# GTA Online ohne neuen Rockstar Launcher spielen möglich?



## Ray2015 (10. Oktober 2019)

*GTA Online ohne neuen Rockstar Launcher spielen möglich?*

Hallo,

seit neustem gibt es ja den Rockstar Launcher. Den habe ich mir auch installiert. Seitdem stürzt mir das Spiel aber alle 30 Minuten ab. Ich vermut, dass es an dem Launcher liegt. Kann ich diesen einfach deinstallieren und trotzdem noch GTA Online spielen?


----------



## Zybba (10. Oktober 2019)

Kommt vermutlich darauf an, über welchen Dienst du das Spiel gekauft hast.
Wenn du es direkt über Rockstar gekauft hat wird es sicher nicht gehen.


----------



## Ray2015 (10. Oktober 2019)

Zybba schrieb:


> Wenn du es direkt über Rockstar gekauft hat wird es sicher nicht gehen.



Okay, dann werde ich wohl Pech haben.


----------



## ZockerCompanion (10. Oktober 2019)

Ray2015 schrieb:


> Okay, dann werde ich wohl Pech haben.



Hast du schon versucht dich über den Rockstar Social Club (https://de.socialclub.rockstargames.com/) anzumelden und dort das Spiel runterzuladen und zu installieren?  (Oben rechts nach dem Anmelden auf dein Profilbild klicken und dann auf Spiele Downloads) 
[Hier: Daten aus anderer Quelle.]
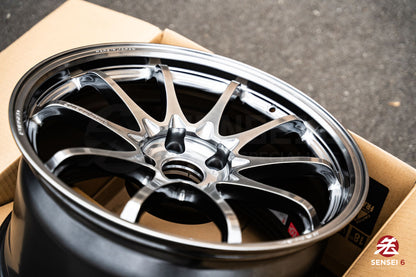 Volk CE28N-Plus / 18x9.5 +38 / 5x120 / Shining Light Metal (SI)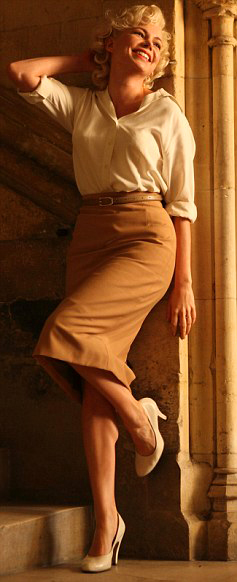 ����� ������ ���� ������� ����� ��� ������ �My Week with Marilyn"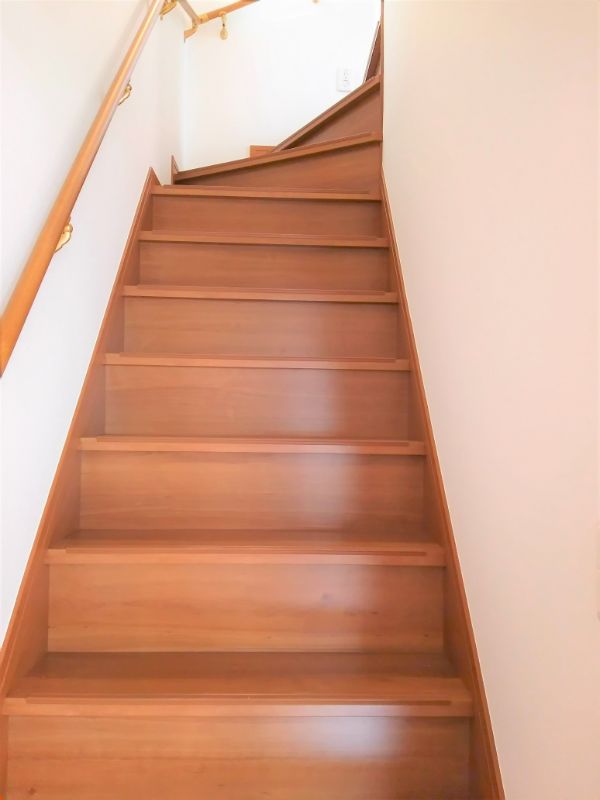 セキスイハイムの階段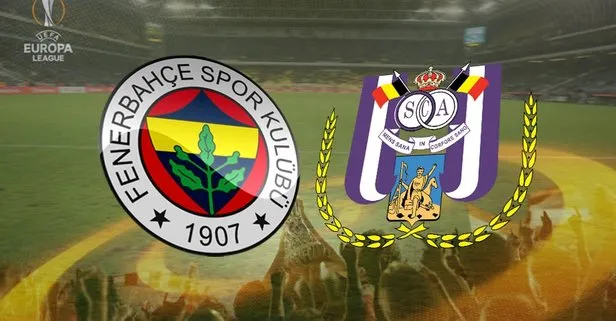 Fenerbahçe - Anderlecht maçı hangi kanalda, şifreli mi, saat kaçta? Avrupa Ligi FB maçı ne zaman?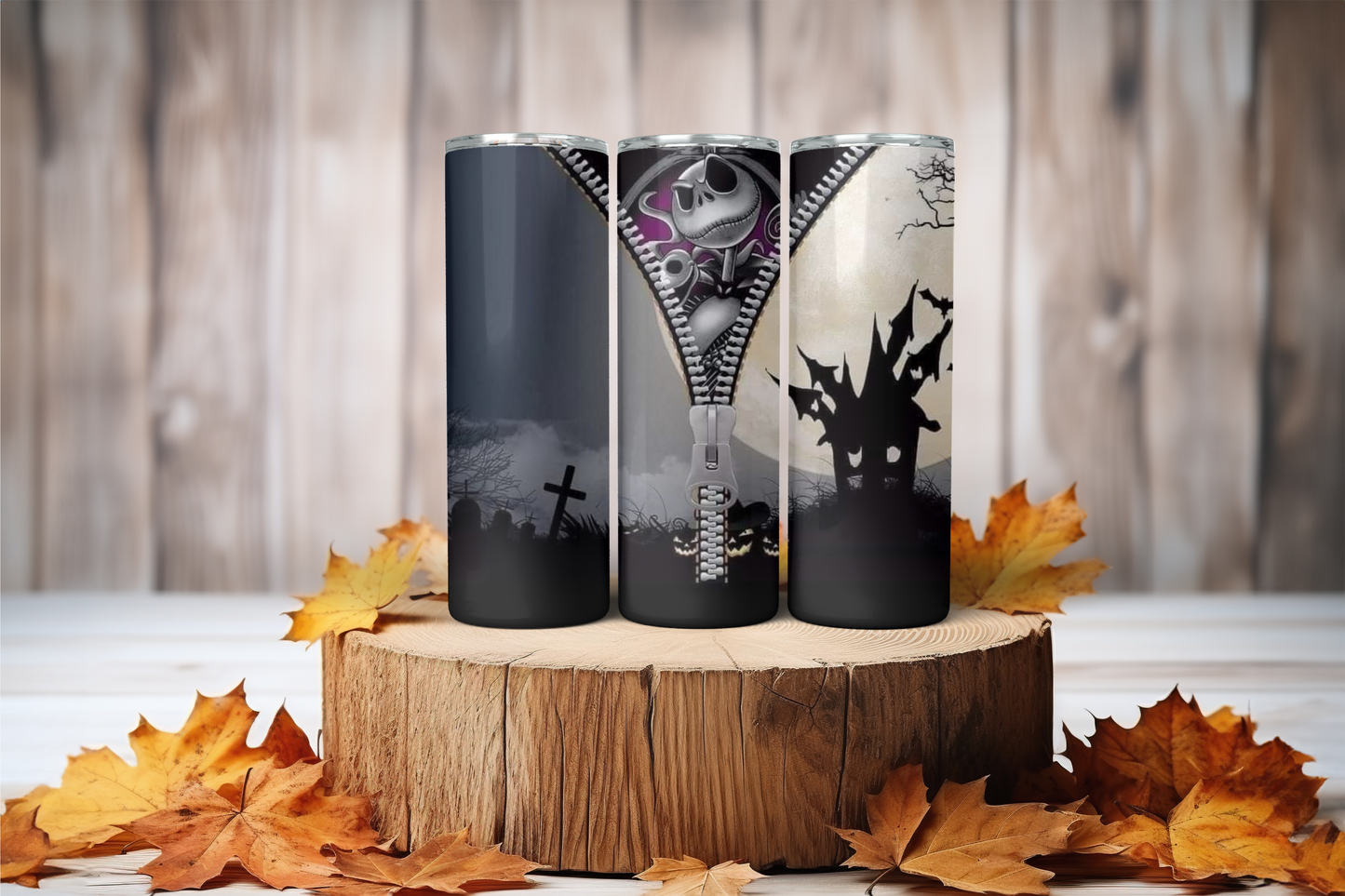 Nightmare Scene 20 oz Sublimation Tumbler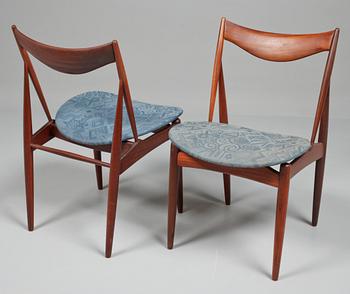 STOLAR, ett par, H W Klein, Bramin, Danmark, 1950/60-tal.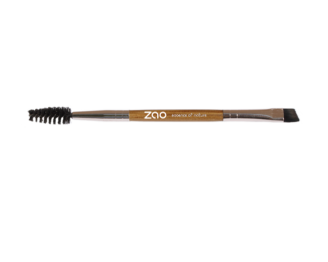 ZAO Duo Eyebrow Brush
P.S.: Sry, das klappt wohl auch nicht mehr, zumindest wird mir auch dort der Rockstar Games Launcher angeboten. Dann wird es wohl nicht mehr gehen.


----------



## Chronik (12. Oktober 2019)

Hast du es schon mal mit Steam probiert?
Btw: ich weiß nicht ob du dir da auch GTA bei Steam extra kaufen muss oder ob einfach Steam femdes Spiel hinzufügen reicht???


----------